When it comes to protecting access to resources and preventing data loss, everyone in the company shares the responsibility. Cloud technologies provide users the ability to access information from virtually anywhere. This flexibility and freedom are what attackers leverage to gain access and take malicious actions, like installing ransomware. Everyone in the company should take active ownership for protecting their online identities, just as they do with their driver’s license and credit cards.

In addition, taking proper care when handling data is an important responsibility for everyone. Understanding the data they are accessing or creating, as well as protecting who they share that information with and where it is stored, will protect the company from data loss.

Cloud security and risk stakeholders will be responsible for defining the processes, procedures and infrastructures that will create the boundaries and virtual walls that protect against ransomware attacks. This includes data access and permissions through identity and access management, as well as data segmentation within the infrastructure of storage, compute and networking.

Throughout this article, we have discussed different considerations and approaches to protect your company from a ransomware attack. You have probably noticed that there isn’t just one magical solution to protect your cloud environment against ransomware or other attacks.
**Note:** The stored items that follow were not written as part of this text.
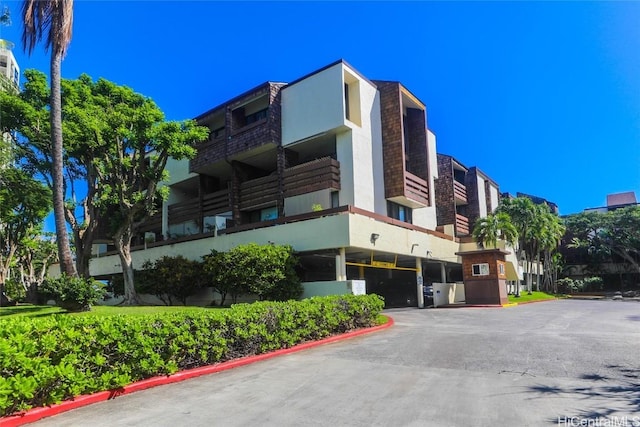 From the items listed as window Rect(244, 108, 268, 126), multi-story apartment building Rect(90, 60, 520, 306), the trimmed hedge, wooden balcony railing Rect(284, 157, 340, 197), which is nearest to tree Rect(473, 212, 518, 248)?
multi-story apartment building Rect(90, 60, 520, 306)

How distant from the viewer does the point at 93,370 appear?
22.7 feet

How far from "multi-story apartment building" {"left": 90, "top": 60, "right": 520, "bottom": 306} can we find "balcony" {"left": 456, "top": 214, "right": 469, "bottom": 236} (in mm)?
6182

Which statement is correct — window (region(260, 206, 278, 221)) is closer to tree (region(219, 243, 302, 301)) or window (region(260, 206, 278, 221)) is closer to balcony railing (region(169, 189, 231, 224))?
balcony railing (region(169, 189, 231, 224))

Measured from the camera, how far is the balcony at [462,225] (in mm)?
37800

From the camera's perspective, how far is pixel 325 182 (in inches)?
928

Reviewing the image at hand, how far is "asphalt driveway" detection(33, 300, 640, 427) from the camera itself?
18.6ft

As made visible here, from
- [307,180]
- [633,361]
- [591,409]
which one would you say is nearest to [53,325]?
[591,409]

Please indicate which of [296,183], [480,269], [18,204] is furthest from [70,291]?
[480,269]

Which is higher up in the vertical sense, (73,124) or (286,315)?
(73,124)

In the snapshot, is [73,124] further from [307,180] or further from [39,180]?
[307,180]

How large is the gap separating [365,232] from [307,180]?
475cm

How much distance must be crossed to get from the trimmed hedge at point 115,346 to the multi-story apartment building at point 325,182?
10.6 metres

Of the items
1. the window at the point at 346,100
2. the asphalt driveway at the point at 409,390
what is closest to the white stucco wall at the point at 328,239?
the window at the point at 346,100

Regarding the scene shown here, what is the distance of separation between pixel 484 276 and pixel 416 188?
6.70 metres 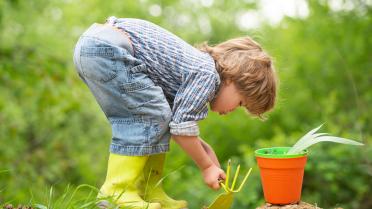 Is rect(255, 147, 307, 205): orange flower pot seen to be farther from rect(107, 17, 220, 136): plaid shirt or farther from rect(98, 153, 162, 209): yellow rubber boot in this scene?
rect(98, 153, 162, 209): yellow rubber boot

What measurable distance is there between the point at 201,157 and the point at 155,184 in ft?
1.18

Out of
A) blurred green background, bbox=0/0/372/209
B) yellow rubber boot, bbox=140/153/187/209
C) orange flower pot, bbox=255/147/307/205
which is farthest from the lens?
blurred green background, bbox=0/0/372/209

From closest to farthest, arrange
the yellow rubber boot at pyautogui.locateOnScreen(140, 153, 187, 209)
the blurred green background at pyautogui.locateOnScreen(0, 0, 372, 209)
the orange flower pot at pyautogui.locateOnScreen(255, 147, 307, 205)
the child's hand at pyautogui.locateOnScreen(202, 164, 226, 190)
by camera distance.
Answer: the orange flower pot at pyautogui.locateOnScreen(255, 147, 307, 205) → the child's hand at pyautogui.locateOnScreen(202, 164, 226, 190) → the yellow rubber boot at pyautogui.locateOnScreen(140, 153, 187, 209) → the blurred green background at pyautogui.locateOnScreen(0, 0, 372, 209)

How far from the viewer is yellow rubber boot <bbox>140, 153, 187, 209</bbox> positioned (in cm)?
265

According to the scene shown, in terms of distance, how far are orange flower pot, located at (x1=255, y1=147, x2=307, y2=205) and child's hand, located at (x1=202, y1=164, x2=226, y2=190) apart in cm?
19

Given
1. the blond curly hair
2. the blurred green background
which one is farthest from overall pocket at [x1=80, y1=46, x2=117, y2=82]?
the blurred green background

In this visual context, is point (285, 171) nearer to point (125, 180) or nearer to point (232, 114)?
point (125, 180)

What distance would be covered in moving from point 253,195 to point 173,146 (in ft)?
5.25

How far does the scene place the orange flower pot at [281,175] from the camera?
7.70 ft

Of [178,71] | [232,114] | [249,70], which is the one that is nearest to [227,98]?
[249,70]

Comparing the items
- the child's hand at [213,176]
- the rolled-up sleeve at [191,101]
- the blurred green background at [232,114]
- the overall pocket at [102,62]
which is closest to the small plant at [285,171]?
the child's hand at [213,176]

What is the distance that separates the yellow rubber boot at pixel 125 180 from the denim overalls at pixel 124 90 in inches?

You should have a multi-faceted approach to protecting against these attacks.

One such approach employs defense-in-depth as a protection strategy, as illustrated below.

These questions and answers should serve as a foundation for planning your cloud environment and protecting it from security threats like ransomware. However, these should not be considered the only questions to ask. There may be others based on regulatory and standards compliance, as well as company-specific requirements and policies. Hopefully, this list will get you thinking about ways to protect your company against ransomware and other threats.